● **ACTIVITY**
Copy the first line of the material below and every later line through the line containing "Sky News, hastane", without any other output.

━━━━━━━━━━━━━━━━━━━━

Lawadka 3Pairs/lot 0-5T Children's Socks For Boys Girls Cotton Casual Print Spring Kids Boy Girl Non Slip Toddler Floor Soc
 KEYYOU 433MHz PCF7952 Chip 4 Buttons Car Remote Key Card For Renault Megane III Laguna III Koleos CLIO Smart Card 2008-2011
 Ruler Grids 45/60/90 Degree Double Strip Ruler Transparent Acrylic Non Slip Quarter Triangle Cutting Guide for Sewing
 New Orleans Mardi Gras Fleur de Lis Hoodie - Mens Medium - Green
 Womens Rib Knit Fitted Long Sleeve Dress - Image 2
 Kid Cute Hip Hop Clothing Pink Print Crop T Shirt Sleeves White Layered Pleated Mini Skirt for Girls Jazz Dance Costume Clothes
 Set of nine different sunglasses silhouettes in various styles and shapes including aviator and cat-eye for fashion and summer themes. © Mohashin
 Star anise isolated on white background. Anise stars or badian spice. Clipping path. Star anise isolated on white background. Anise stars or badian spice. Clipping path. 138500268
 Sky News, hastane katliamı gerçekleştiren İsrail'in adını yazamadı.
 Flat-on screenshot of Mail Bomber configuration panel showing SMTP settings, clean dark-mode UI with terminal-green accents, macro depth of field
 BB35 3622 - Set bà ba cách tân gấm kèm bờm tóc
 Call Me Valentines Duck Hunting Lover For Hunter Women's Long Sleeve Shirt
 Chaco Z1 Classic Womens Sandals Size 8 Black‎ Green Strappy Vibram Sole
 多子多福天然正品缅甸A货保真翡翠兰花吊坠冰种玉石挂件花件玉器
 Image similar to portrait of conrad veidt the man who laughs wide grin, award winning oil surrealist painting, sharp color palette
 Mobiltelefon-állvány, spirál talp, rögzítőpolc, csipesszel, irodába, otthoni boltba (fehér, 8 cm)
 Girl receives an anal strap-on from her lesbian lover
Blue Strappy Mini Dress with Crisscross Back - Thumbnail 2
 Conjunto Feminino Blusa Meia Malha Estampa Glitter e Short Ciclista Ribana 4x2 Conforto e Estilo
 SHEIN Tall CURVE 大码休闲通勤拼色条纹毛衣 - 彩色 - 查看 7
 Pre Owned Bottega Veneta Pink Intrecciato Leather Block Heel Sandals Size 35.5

━━━━━━━━━━━━━━━━━━━━

● **EXPECTED ANSWER**
Lawadka 3Pairs/lot 0-5T Children's Socks For Boys Girls Cotton Casual Print Spring Kids Boy Girl Non Slip Toddler Floor Soc
 KEYYOU 433MHz PCF7952 Chip 4 Buttons Car Remote Key Card For Renault Megane III Laguna III Koleos CLIO Smart Card 2008-2011
 Ruler Grids 45/60/90 Degree Double Strip Ruler Transparent Acrylic Non Slip Quarter Triangle Cutting Guide for Sewing
 New Orleans Mardi Gras Fleur de Lis Hoodie - Mens Medium - Green
 Womens Rib Knit Fitted Long Sleeve Dress - Image 2
 Kid Cute Hip Hop Clothing Pink Print Crop T Shirt Sleeves White Layered Pleated Mini Skirt for Girls Jazz Dance Costume Clothes
 Set of nine different sunglasses silhouettes in various styles and shapes including aviator and cat-eye for fashion and summer themes. © Mohashin
 Star anise isolated on white background. Anise stars or badian spice. Clipping path. Star anise isolated on white background. Anise stars or badian spice. Clipping path. 138500268
 Sky News, hastane katliamı gerçekleştiren İsrail'in adını yazamadı.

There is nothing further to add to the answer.